Note that I wasn't advocating for or against brace notation.
But, if you are trying to write code that is portable across Smalltalk dialects, you avoid brace notation.
On my projects, I would rather maintain: dictionary := Dictionary new at: $a put: 1; at: $b put: 2; at: $c put: 3; yourself.
than { $a -> 1. $b -> 2. $c -> 3 } asDictionary
As I think it would be easier to update. I use literal forms to save myself typing but when I commit code, I'd rather have the long form.
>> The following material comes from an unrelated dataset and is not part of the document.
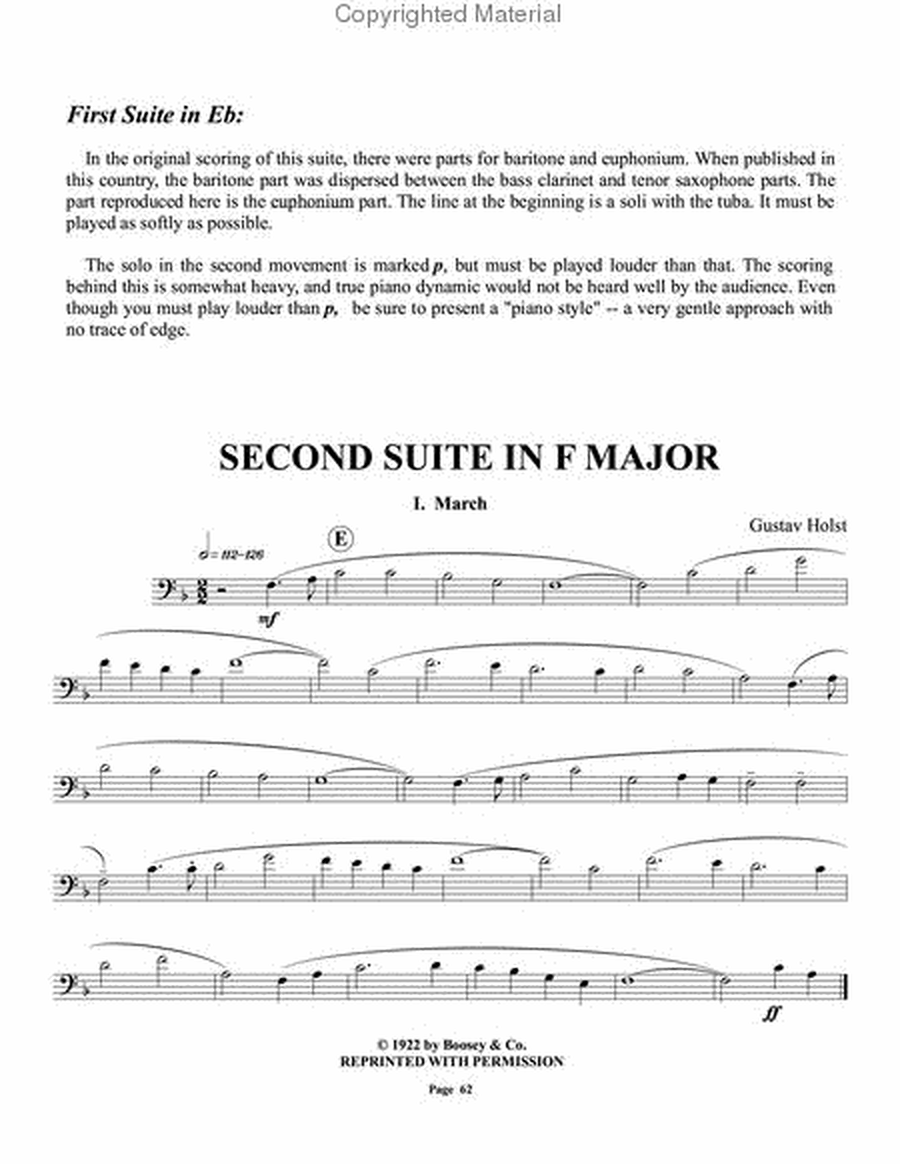 Euphonium Excerpts from the Standard Band and Orchestral Library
In fact, I've sent #sourceString to literal arrays so I could get the long form without all the typing.
On 5/14/08, Jason Johnson jason.johnson.081@gmail.com wrote:
On Wed, Mar 5, 2008 at 10:23 PM, David Mitchell david.mitchell@gmail.com wrote:
Brace notation for dynamic arrays!
So instead of:
dictionary := { $a -> 1. $b -> 2. $c -> 3 } asDictionary.
I need to type:
dictionary := Dictionary new add: $a -> 1; add: $b -> 2; add: $c -> 3; yourself.
? In my opinion the other dialects should adopt this or propose another way of doing it. No concise syntax for dynamically creating a collection seems a problem to me, and easy to remedy in a language where one has access to the reader/compiler. So why would it be bad to do so?